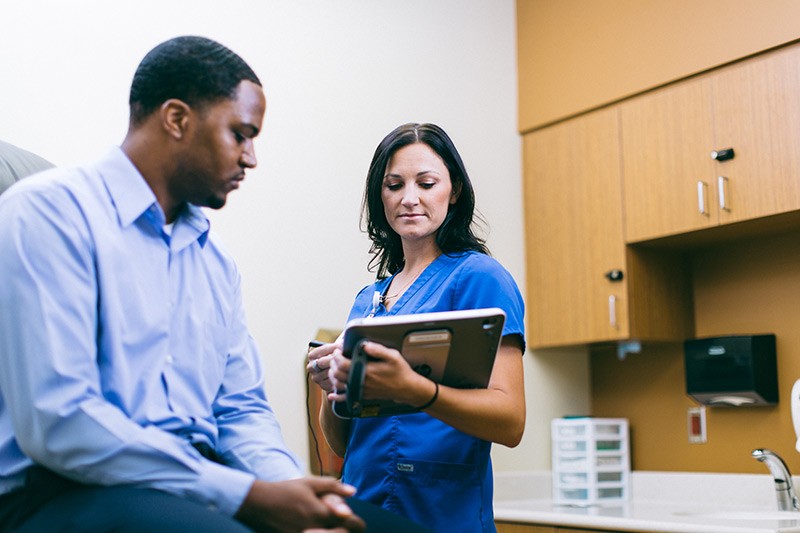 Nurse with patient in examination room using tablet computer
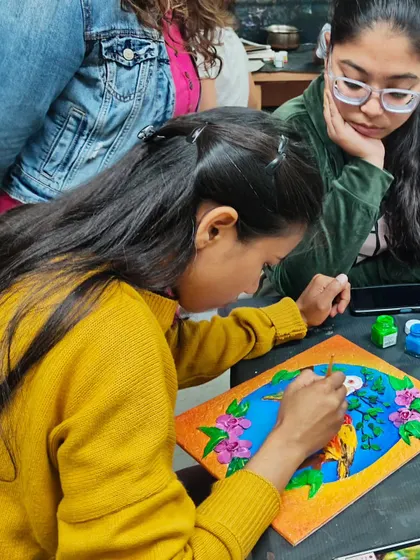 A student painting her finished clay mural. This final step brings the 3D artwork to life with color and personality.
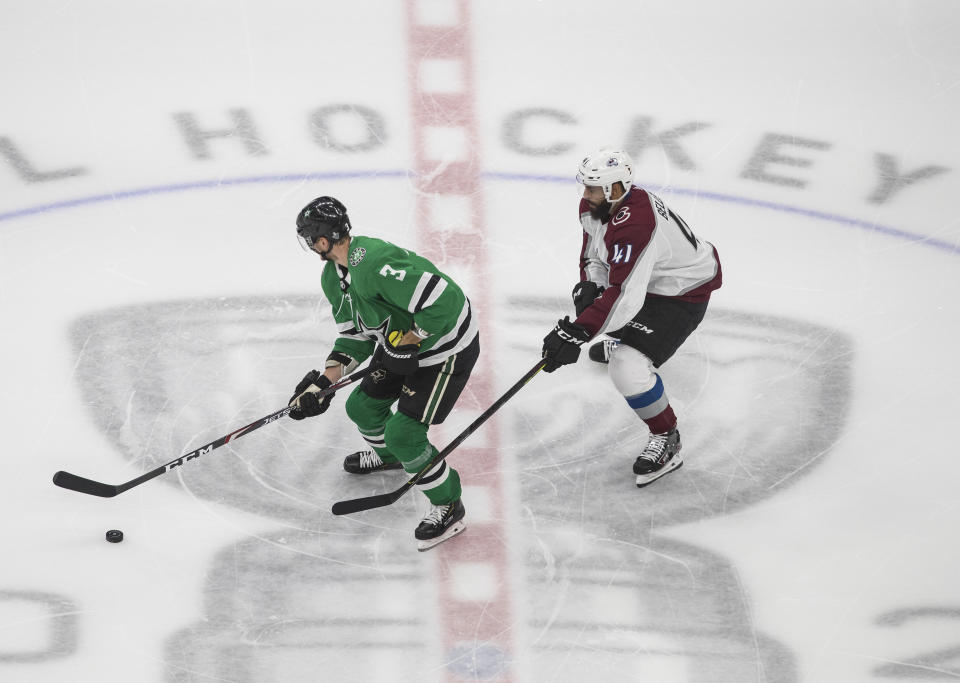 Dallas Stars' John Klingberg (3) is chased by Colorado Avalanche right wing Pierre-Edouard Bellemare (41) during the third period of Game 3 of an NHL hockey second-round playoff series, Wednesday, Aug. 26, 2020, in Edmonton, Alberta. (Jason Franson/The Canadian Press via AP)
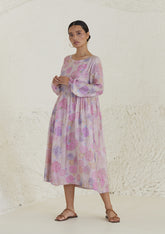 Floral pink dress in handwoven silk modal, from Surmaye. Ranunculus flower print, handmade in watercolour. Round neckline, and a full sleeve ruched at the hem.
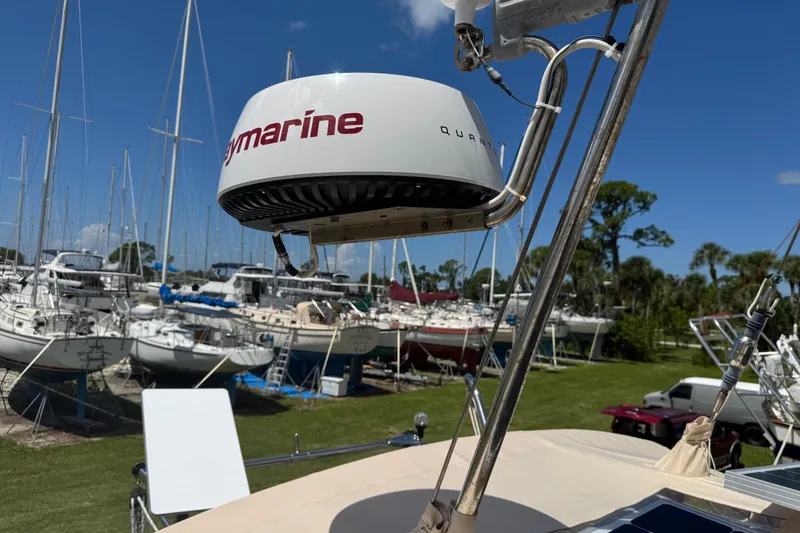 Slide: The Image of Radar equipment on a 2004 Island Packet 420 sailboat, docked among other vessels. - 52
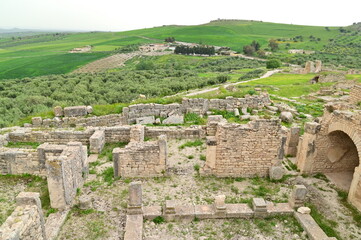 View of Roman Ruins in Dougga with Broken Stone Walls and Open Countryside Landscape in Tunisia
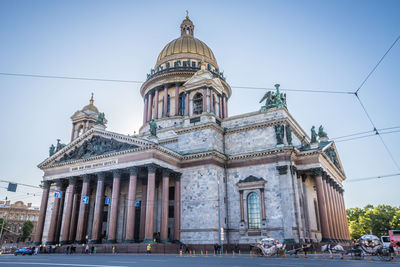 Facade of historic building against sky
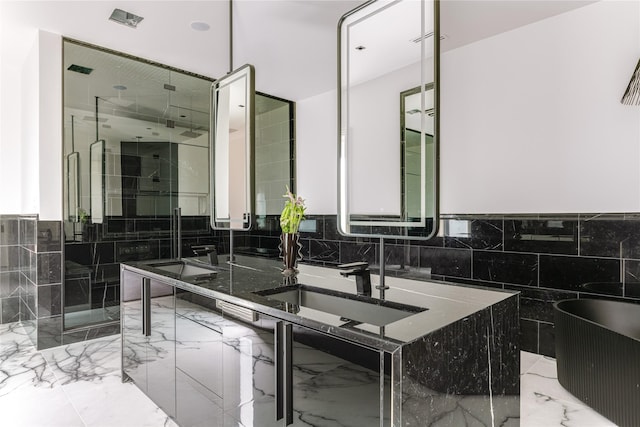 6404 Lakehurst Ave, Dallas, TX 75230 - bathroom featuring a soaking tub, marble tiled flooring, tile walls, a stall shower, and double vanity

■ **Task details**
Pictures are not part of the copy. Extract exactly the lines from the line containing "Facade of historic building against sky" through the final line of the entries above, both included.

■ **Exercise output**
 Facade of historic building against sky
 6404 Lakehurst Ave, Dallas, TX 75230 - bathroom featuring a soaking tub, marble tiled flooring, tile walls, a stall shower, and double vanity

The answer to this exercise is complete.